Your goal | Isolate every line in the data with the string "Beijing" and copy it.

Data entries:
------------------------------------------------------------

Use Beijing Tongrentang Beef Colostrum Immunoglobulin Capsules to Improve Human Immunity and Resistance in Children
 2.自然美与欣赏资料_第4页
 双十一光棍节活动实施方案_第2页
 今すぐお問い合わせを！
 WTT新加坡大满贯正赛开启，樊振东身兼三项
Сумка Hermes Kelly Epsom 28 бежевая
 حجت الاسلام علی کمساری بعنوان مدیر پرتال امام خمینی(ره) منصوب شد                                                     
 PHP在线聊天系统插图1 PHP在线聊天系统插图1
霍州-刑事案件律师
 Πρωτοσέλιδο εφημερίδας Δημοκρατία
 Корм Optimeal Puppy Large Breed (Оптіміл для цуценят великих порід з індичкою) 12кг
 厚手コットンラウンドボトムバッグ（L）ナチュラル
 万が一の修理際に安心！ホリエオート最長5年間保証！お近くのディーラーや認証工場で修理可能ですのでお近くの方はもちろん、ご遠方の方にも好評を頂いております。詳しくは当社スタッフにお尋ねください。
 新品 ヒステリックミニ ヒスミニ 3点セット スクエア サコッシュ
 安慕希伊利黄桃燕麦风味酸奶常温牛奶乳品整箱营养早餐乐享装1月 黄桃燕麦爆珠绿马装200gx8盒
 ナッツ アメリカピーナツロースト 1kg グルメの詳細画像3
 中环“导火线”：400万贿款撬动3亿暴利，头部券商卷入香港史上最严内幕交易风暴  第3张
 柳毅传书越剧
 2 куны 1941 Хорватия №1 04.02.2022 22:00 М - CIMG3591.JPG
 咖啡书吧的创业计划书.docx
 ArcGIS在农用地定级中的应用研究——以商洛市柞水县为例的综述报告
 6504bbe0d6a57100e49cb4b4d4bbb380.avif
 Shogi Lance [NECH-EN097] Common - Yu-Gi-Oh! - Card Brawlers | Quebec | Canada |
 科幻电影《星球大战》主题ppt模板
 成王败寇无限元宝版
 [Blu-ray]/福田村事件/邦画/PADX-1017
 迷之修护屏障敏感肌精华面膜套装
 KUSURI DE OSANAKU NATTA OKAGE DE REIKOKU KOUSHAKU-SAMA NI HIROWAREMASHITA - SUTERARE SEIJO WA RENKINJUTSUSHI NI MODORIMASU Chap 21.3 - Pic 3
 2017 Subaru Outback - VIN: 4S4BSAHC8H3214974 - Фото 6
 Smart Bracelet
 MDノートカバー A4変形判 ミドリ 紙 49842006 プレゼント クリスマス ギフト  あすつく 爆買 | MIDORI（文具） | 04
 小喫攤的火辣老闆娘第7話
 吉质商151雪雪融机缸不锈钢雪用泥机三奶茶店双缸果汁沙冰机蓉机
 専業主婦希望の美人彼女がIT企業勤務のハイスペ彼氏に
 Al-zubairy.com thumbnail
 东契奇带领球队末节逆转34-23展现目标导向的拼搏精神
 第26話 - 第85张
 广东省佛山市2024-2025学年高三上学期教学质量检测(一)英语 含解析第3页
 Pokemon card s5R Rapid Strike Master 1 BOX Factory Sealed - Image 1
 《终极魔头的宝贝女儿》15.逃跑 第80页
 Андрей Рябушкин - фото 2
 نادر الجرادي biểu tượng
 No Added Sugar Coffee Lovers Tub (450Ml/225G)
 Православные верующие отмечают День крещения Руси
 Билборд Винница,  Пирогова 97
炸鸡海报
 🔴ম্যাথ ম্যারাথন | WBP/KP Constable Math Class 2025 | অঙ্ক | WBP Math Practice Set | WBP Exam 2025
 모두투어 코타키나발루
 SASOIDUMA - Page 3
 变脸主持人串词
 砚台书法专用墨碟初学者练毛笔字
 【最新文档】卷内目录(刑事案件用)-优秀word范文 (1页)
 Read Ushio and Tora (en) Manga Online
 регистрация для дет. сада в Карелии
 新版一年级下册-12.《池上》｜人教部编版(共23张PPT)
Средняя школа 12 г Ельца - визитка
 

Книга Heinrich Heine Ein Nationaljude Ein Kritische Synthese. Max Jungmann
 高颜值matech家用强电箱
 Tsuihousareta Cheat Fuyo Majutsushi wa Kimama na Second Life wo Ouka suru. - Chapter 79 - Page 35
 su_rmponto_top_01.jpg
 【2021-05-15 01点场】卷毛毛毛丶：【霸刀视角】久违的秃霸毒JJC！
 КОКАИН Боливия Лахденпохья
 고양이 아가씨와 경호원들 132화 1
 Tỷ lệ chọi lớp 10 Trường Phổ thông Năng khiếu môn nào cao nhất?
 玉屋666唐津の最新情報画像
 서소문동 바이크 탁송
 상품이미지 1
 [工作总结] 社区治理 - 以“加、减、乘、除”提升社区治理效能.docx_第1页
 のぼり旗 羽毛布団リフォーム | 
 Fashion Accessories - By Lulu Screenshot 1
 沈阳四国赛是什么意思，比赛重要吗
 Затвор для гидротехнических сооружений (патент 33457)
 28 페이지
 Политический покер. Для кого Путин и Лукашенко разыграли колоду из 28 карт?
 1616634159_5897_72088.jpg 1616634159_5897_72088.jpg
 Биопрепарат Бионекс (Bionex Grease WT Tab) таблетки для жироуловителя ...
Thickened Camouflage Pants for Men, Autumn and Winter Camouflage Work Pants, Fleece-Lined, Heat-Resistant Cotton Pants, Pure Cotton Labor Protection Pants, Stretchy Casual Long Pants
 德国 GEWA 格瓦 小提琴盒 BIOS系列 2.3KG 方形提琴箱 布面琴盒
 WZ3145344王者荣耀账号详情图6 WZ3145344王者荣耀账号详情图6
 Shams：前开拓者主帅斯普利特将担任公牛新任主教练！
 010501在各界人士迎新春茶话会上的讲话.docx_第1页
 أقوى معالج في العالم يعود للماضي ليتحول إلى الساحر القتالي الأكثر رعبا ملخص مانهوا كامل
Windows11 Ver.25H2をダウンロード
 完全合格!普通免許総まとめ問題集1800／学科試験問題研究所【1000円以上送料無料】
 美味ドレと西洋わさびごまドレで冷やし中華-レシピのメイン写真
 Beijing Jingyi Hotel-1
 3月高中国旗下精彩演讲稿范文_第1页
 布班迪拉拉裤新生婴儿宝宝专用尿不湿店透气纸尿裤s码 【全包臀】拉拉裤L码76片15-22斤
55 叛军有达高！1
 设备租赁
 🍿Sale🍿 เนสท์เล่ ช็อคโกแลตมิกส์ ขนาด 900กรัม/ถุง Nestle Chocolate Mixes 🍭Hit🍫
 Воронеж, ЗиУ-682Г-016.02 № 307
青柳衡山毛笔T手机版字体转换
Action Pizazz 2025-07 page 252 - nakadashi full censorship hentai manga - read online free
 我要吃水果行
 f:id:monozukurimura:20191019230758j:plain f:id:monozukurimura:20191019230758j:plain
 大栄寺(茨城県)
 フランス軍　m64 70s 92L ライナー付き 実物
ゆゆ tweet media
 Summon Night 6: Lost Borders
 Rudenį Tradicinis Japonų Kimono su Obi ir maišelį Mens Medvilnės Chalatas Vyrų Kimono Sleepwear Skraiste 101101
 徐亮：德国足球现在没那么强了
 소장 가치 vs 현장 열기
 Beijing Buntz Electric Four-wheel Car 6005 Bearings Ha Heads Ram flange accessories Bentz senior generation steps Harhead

------------------------------------------------------------

Task response |
Use Beijing Tongrentang Beef Colostrum Immunoglobulin Capsules to Improve Human Immunity and Resistance in Children
 Beijing Jingyi Hotel-1
 Beijing Buntz Electric Four-wheel Car 6005 Bearings Ha Heads Ram flange accessories Bentz senior generation steps Harhead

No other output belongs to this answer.